Updated Mon, Mar 26, 2012 2:25 pm

 

PACIFIC HEARTBEAT 
 
New anthology series from Pacific Islanders in Communications (PIC) and PBS Hawaii
brings oral storytelling tradition to television
 
HONOLULU – Pacific Islanders in Communications (PIC) proudly announces the release of Pacific Heartbeat, a new anthology series that provides viewers a glimpse of the real Pacific—its people, cultures, languages, music, and contemporary issues. Pacific Heartbeat will premiere in primetime on the WORLD Channel Sunday, April 1, at 9 pm. 
 
Pacific Heartbeat comes to Public Television in partnership with PBS Hawaii, and is presented and distributed by Boston-based American Public Television. It is an unprecedented collection of critically acclaimed documentaries centered on the Pacific Islander experience.
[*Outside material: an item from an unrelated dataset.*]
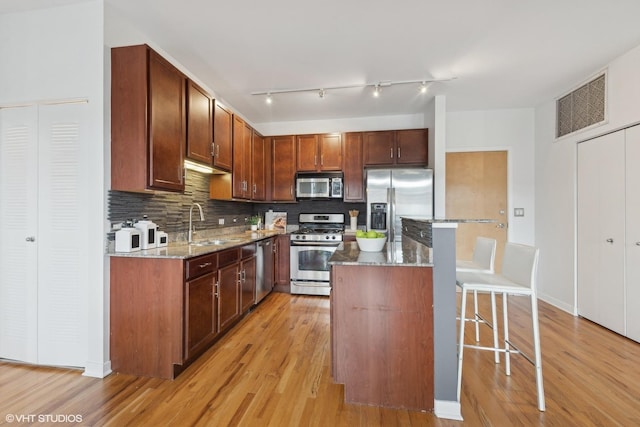 kitchen featuring a breakfast bar, light hardwood / wood-style flooring, dark stone countertops, appliances with stainless steel finishes, and a kitchen island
From revealing exposés to rousing musical performances, the five-part series features a diverse array of programs intended to draw viewers into the heart and soul of Pacific Island culture.
 
“While images of island paradise are familiar to many Americans, less is known about the real stories of the people of the Pacific Islands, the unique lessons that can be found within these cultures and the contemporary challenges they face,” says Ruth Bolan, Executive Director of PIC. “This series showcases a region of the world that has not been visible to a broader North American audience. Pacific Heartbeat will entertain and enlighten viewers and take them to places they have never visited before.”
 
Pacific Heartbeat includes the following critically acclaimed and award-winning documentaries: Keola Beamer: Mālama Ko Aloha (Keep Your Love), in which a legendary Hawaiian composer, inspired by the ancient battle cry of his royal ancestor, collaborates with a brilliant ensemble of musicians to create a multicultural concert masterpiece; Papa Mau: The Wayfinder, which recounts the fundamental role that master navigator Mau Piailug played in reawakening Polynesian pride by teaching Hawaiians the dying art of traditional voyaging without the aid of instruments; There Once was an Island: Te Henua e Nnoho, which tells the story of a Pacific Island community that must make the heart-wrenching decision of whether to stay on their beloved island home or move to a new and unfamiliar land, as their home is destroyed by climate change; Under a Jarvis Moon, which reveals the untold stories of teenage Hawaiian boys who were sent on a clandestine mission to occupy deserted islands in the middle of the Pacific prior to World War II; Waimea ‘Ukulele & Slack Key Guitar, which showcases rousing performances and rare interviews with ‘ukulele and slack key guitar masters abound at the Waimea ‘Ukulele and Slack Key Guitar Institute, held annually in Hawaii’s cowboy country.
 
“For Pacific Islanders, oral storytelling has always been an important part of conveying history to the next generation,” says Leanne Ferrer, Program Director of PIC. “By preserving these stories through the language of film, we preserve our heritage.”